However, the bytecode is larger:

I'm not sure why this is, but I'll look into as I optimize for both size and speed.

How Big Is OPy?

oil/opy$ ./ all

  [ ... snip ... ]
  579 pgen2/
 2574 total

  [ ... snip ... ]
   410 compiler2/
   764 compiler2/
  1547 compiler2/
  1578 compiler2/
  4909 total

OPy is around 8,000 lines of Python code, which I consider small and malleable. This is why I think it's feasible to fork Python and optimize Oil.

Note that ~16K lines of Oil code and ~8K lines of OPy code is still a lot less than the ~160K lines of C code in bash.

Recap of Last Year's Work

Before explaining how I made this work, let's review what I wrote about OPy last year.

April 2017

(A) The Riskiest Part of the Project. I listed six reasons why a shell shouldn't be a Python program:

  1. The size and complexity of the interpreter.
  2. The extra dependency, which is especially undesirable on embedded systems.
  3. Startup time.
  4. Unicode (in Python 3).
  5. Issues with signal handling.
  6. Using Oil as a library from C programs.

Two more reasons:

  1. I/O buffering issues as mentioned here.
  2. Significantly slower parsing and execution of shell.

In addition to the fact that Python programs inherently allocate often, Python's garbage collector isn't "fork-friendly". Objects that are read-only at the Python level are mutated at the C level, in order to update their reference counts. This inhibits virtual memory page sharing. Ruby addressed this issue in 2012. It might not matter for some Python programs, but it matters for a shell.

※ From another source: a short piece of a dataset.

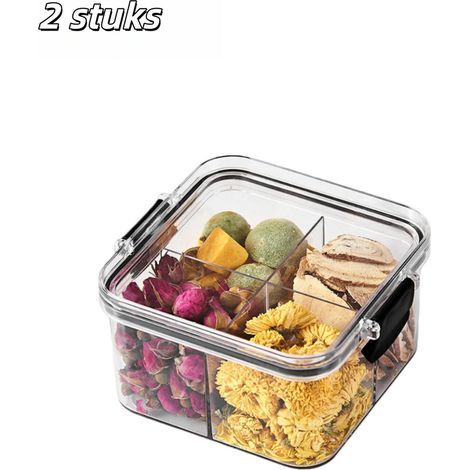 Lot de 2 boîtes de conservation empilables avec couvercle, quatre compartiments, capacité de 400 ml, transparentes. (1/4)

(B) Cobbling Together a Python Interpreter. I describe the components of a Python front end in Python:

  1. tokenize, a regex-based lexer from the standard library.
  2. Guido's pgen2 parser generator, written circa 2006 for the 2to3 conversion tool.
  3. compiler2, a bytecode compiler that was removed from the standard library as of Python 3.

(C) The OPy Front End is Working. I describe a couple attempts to make these components work together. I abandoned Python 3 and ported Oil back to Python 2.

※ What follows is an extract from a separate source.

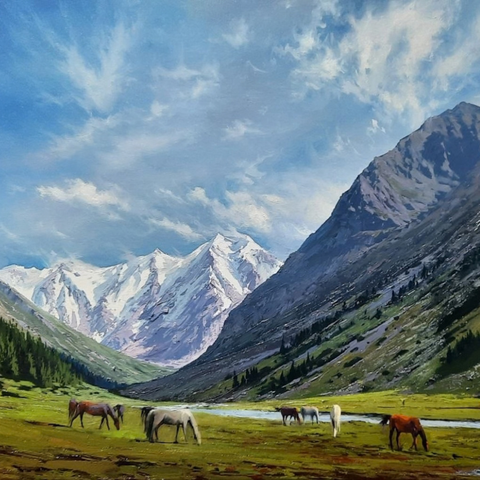 Freedom At The Snow Peak - Oil Painting - Artezaar.com Online Art Gallery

(D) OVM will be a Slice of the CPython VM. Rather than writing a small C or C++ VM to complement this front end, I decide to hack off a chunk of the Python interpreter and call it "OVM". This shortcut let me make the first release back in July.

May 2017

(E) Rewriting Python's Build System From Scratch. Oil release binaries have two parts:

  1. Native code: ~135K lines of the CPython VM, and Oil's own C code.
  2. Architecture-independent bytecode. I now create this from .py source code with the OPy bytecode compiler, rather than CPython's built-in compiler.

June 2017

(F) How I Use Tests: Transforming OSH. In summary, the idea is to:

Also, it technically doesn't matter how fast the OPy compiler runs. I compile bytecode ahead of time rather than on-demand. This opens up more space for optimization.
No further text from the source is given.